Charges of +4C and +8C are placed 1.00m apart. At what distance from the +4C charge is the electric field strength zero?

Homework Equations

$$E = \frac{Q}{4\pi\epsilon r^2}<br />$$

The Attempt at a Solution

I picture it like this:

<-----x-----><----------- 1-x ----------->
+4C -------- E=0 ----------------------- +8C

<----------------- 1m ----------------->

So, E due to 4C = E due to 8C
$$\frac{+4}{4\pi\epsilon . x^2} = \frac{+8}{4\pi\epsilon . (x-1)^2}$$

Simplifying:
$$\frac{4}{x^2} = \frac{8}{(x-1)^2}$$

Square rooting & cross multiplying:
$$\frac{\sqrt4}{x} = \frac{\sqrt8}{(x-1)}$$

$$2(x-1) = \sqrt8(x)$$


It is at this point the textbook worked example says:
Which simplifies to
$$x = \frac{2}{(\sqrt8 + 2)}$$
This is my problem, I don't know how on Earth it simplified to that. As the textbook hasn't explained the steps I feel silly as it's something probably really easy.

So I tried this:
$$2x- 2 = \sqrt8(x)$$
And I can't get any further...

I'd really appreciate a simple explanation, thankyou. :)

 

[RoyalCat]

Your mistake lies in the square root you took!
Notice that $$1-x$$ is positive by definition, while $$x-1$$ is negative!
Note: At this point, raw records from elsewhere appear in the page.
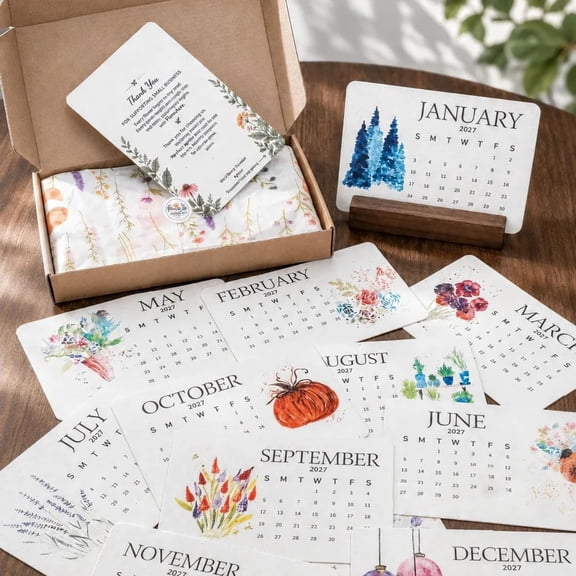2027 Heart-Shaped Seed Paper Calendar with Stand, Eco-Friendly 12-Month Desk Planner with Plantable Seed Paper, Daily Planning and Scheduling, Style B (with Stand)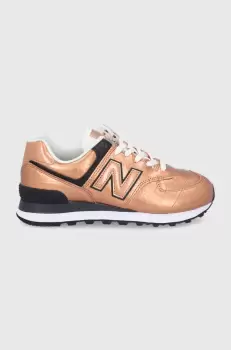 New Balance Ghete de piele WL574PX2 culoarea auriu, cu toc plat imagine
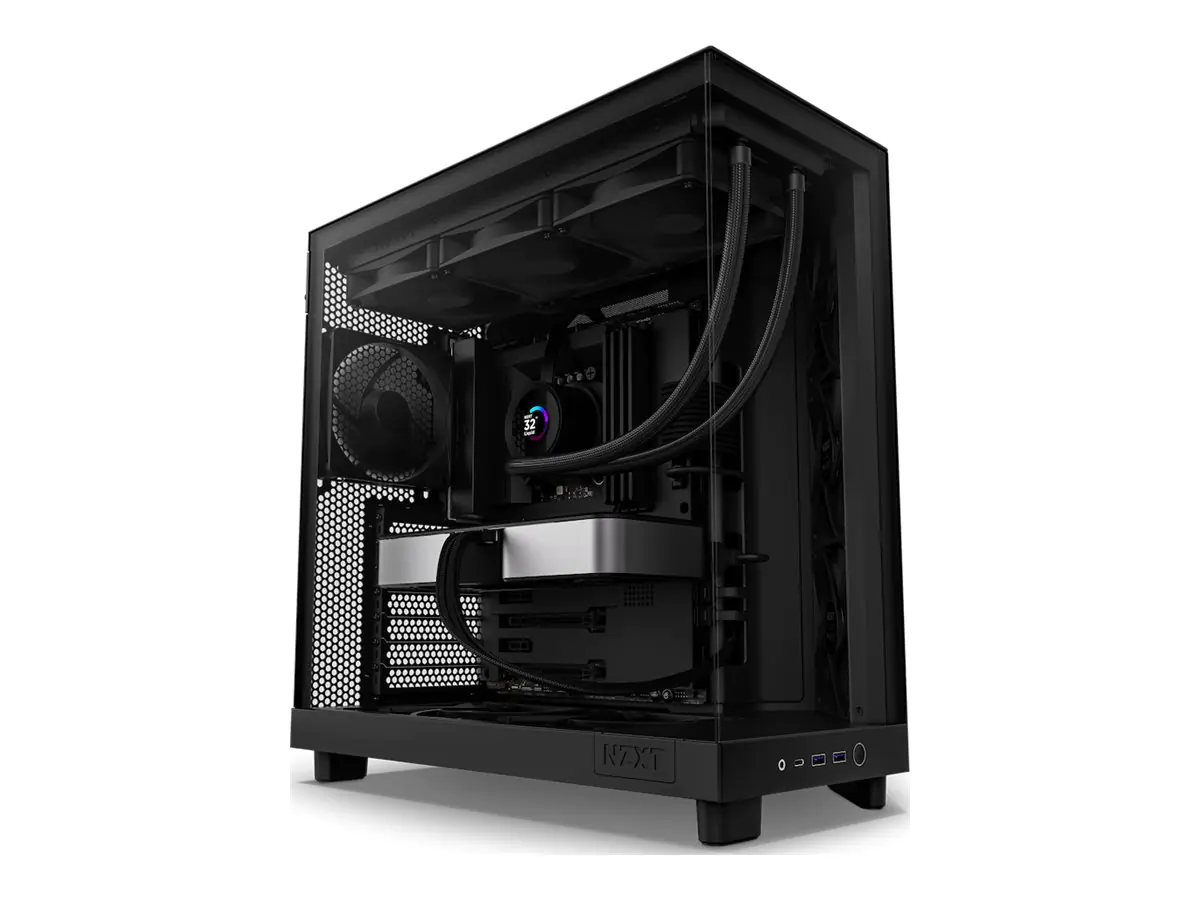 NZXT H series H6 Flow - Mid tower - ATX - Seitenteil mit Fenster (gehärtetes Glas) - keine Spannungsversorgung - mattschwarz - USB/Audio NZXT H series H6 Flow - Mid tower - ATX - Seitenteil mit Fenster (gehärtetes Glas) - keine Spannungsversorgung - mattschwarz - USB/Audio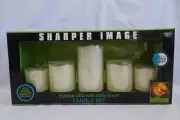 Sharper Image Candle Set LED Flameless Candle Battery Operated 5pc w Timer NIB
You took a square root, and got a negative quantity, that's a red flag right there. :)
Either solve with $$1-x$$ in the denominator[/tex] instead of $$x-1$$ or just don't take the square root and solve the quadratic.

 

[SuperCup]

Your mistake lies in the square root you took!
Notice that $$1-x$$ is positive by definition, while $$x-1$$ is negative! You took a square root, and got a negative quantity, that's a red flag right there. :)
Either solve with $$1-x$$ in the denominator[/tex] instead of $$x-1$$ or just don't take the square root and solve the quadratic.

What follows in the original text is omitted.